Large scale semantic segmentation is considered as one of the fundamental tasks in 3D scene understanding. Point clouds provide a basic and rich geometric representation of scenes and tangible objects. Convolutional Neural Networks (CNNs) have demonstrated an impressive success in processing regular discrete data such as 2D images and 1D audio. However, CNNs do not directly generalize to point cloud processing due to their irregular and un-ordered nature. One way to extend CNNs to point cloud understanding is to derive an intermediate euclidean representation of a point cloud by projecting onto image domain, voxelizing, or treating points as vertices of an un-directed graph. Graph-CNNs (GCNs) have demonstrated to be a very promising solution for deep learning on irregular data such as social networks, biological systems, and recently point clouds. Early works in literature for graph based point networks relied on constructing dynamic graphs in the node feature space to define a convolution kernel. Later works constructed hierarchical static graphs in 3D space for an encoder-decoder framework inspired from image segmentation.
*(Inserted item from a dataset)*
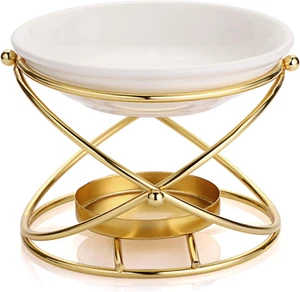 European Metal Oil Burner Wax Warmer, Delicate Romantic Ceramic Tealight Candle - Picture 1 of 12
This thesis takes a closer look at both dynamic and static graph neighborhoods of graph- based point networks for the task of semantic segmentation in order to: 1) discuss a potential cause for why going deep in dynamic GCNs does not necessarily lead to an improved performance, and 2) propose a new approach in treating points in a static graph neighborhood for an improved information aggregation. The proposed method leads to an efficient graph based 3D semantic segmentation network that is on par with current state-of-the-art methods on both indoor and outdoor scene semantic segmentation benchmarks such as S3DIS and Semantic3D.

Identiferoai:union.ndltd.org:kaust.edu.sa/oai:repository.kaust.edu.sa:10754/665898
Date11 1900
CreatorsItani, Hani
ContributorsGhanem, Bernard, Computer, Electrical and Mathematical Science and Engineering (CEMSE) Division, Ghanem, Bernard, Al-Naffouri, Tareq Y., Wonka, Peter, Thabet, Ali K.
Source SetsKing Abdullah University of Science and Technology
LanguageEnglish
Detected LanguageEnglish
TypeThesis
Rights2021-11-11, At the time of archiving, the student author of this thesis opted to temporarily restrict access to it. The full text of this thesis will become available to the public after the expiration of the embargo on 2021-11-11.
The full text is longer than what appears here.